-- EXCERPTED DATA follows --
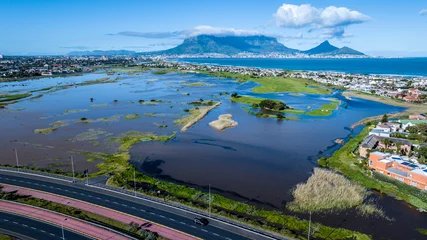 Photo sur Plexiglas Montagne de la Table Widespread storm flooding in Cape Town, South Africa, after an exceptionally strong winter storm. Drone view, Table Mountain in background. 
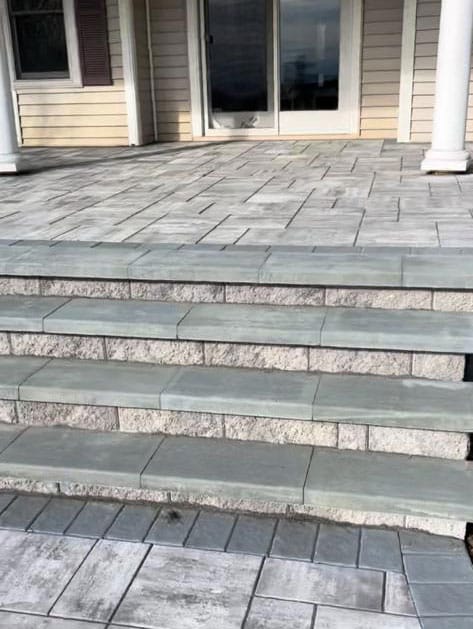 Wide paver steps with stone risers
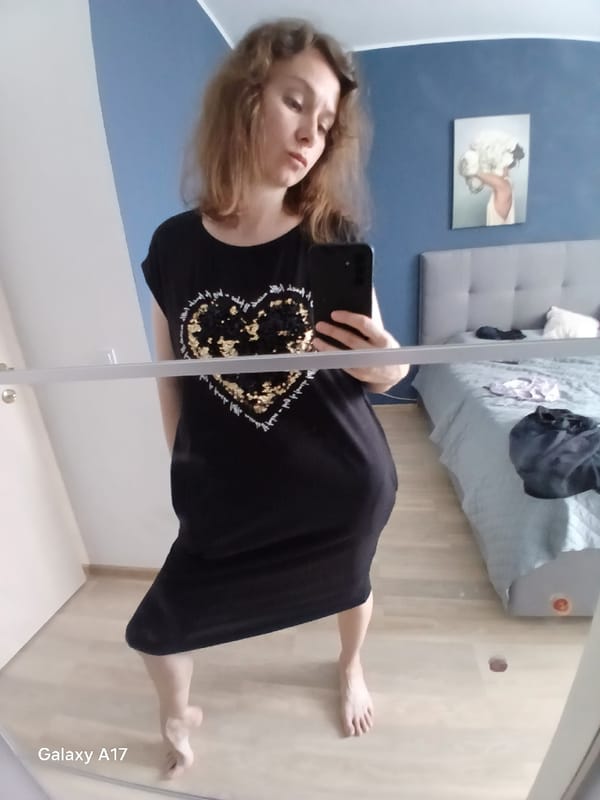 Woman takes mirror selfies in Yekaterinburg bedroom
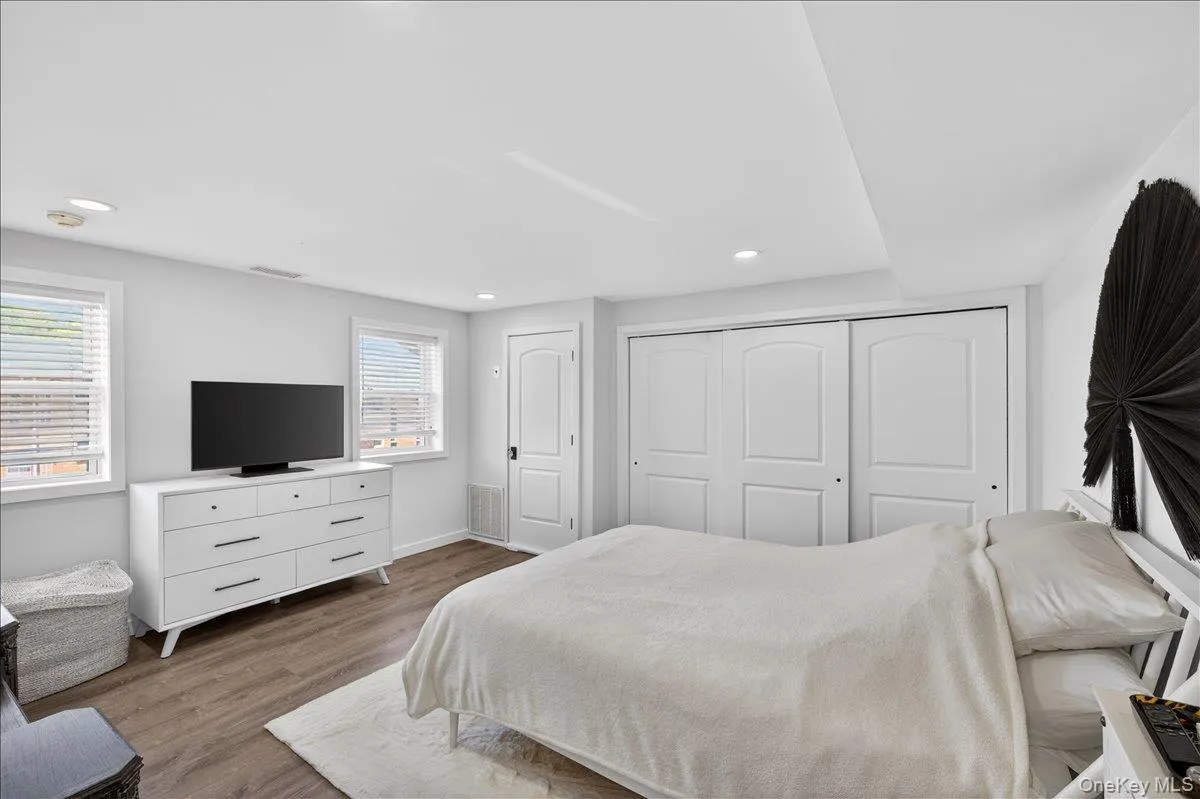 Bedroom featuring wood-finish flooring, two large windows with blinds, recessed lighting, and a spacious built-in sliding closet Bedroom featuring wood-finish flooring, two large windows with blinds, recessed lighting, and a spacious built-in sliding closet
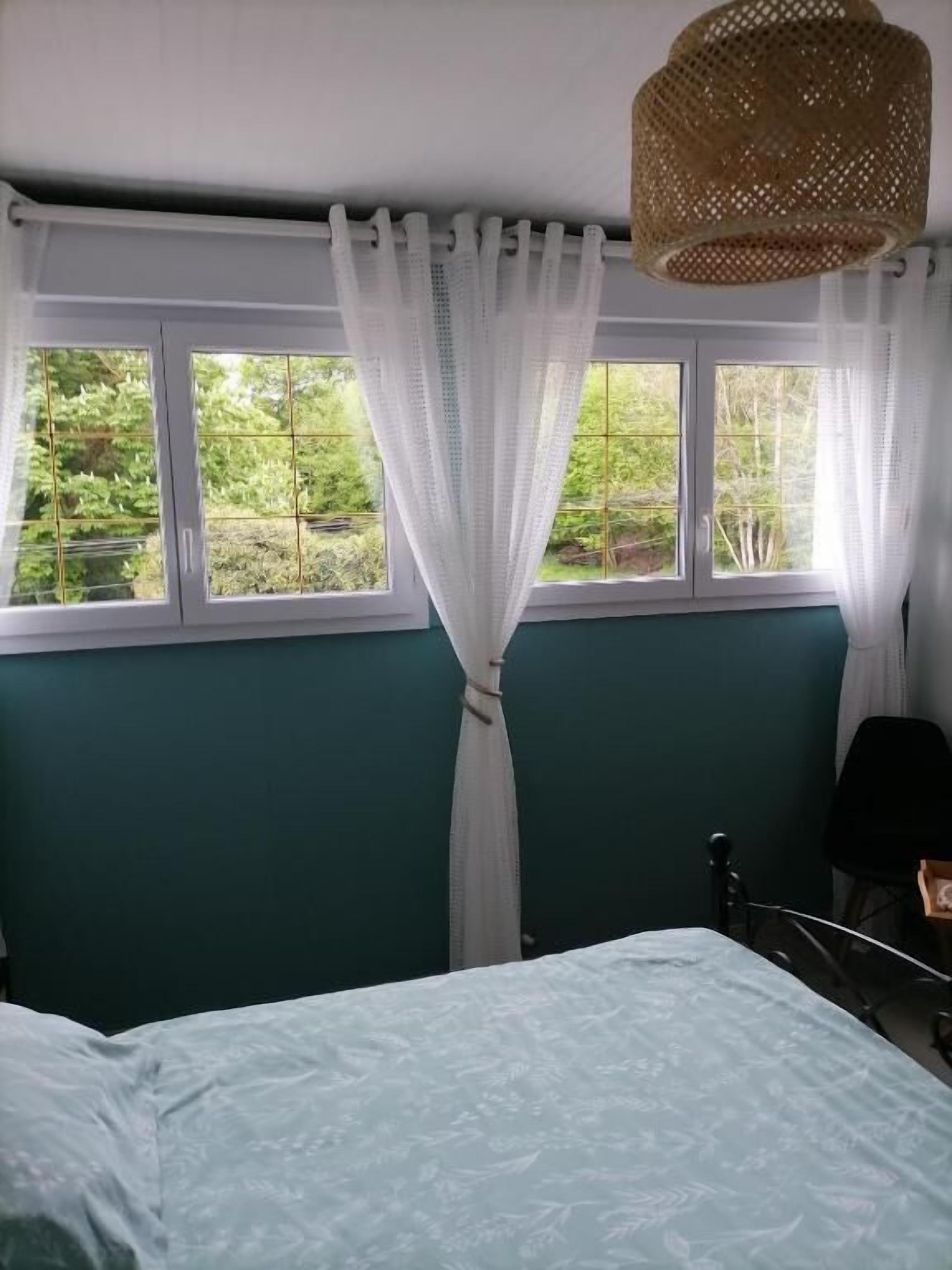 A bedroom with a bed, a window with a view of greenery, and a hanging light fixture.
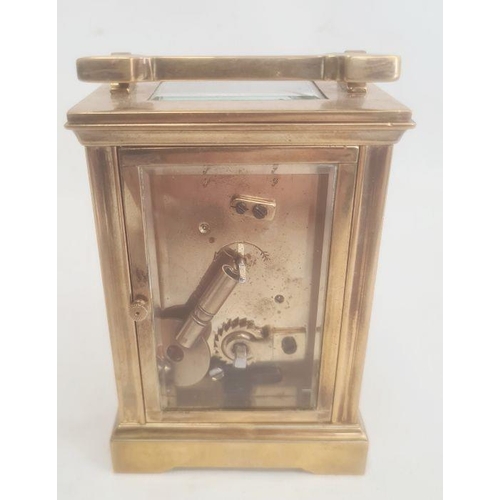 1073 - Brass and glass five-sided carriage clock with Roman numerals, bracket feet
-- EXCERPTED DATA concluded --
• _DESCRIPTION OF THE TASK_
Omit every picture while copying the listing above exactly.

• _RESPONSE TO THE EXERCISE_
 Photo sur Plexiglas Montagne de la Table Widespread storm flooding in Cape Town, South Africa, after an exceptionally strong winter storm. Drone view, Table Mountain in background. 
 Wide paver steps with stone risers
 Woman takes mirror selfies in Yekaterinburg bedroom
 Bedroom featuring wood-finish flooring, two large windows with blinds, recessed lighting, and a spacious built-in sliding closet Bedroom featuring wood-finish flooring, two large windows with blinds, recessed lighting, and a spacious built-in sliding closet
 A bedroom with a bed, a window with a view of greenery, and a hanging light fixture.
 1073 - Brass and glass five-sided carriage clock with Roman numerals, bracket feet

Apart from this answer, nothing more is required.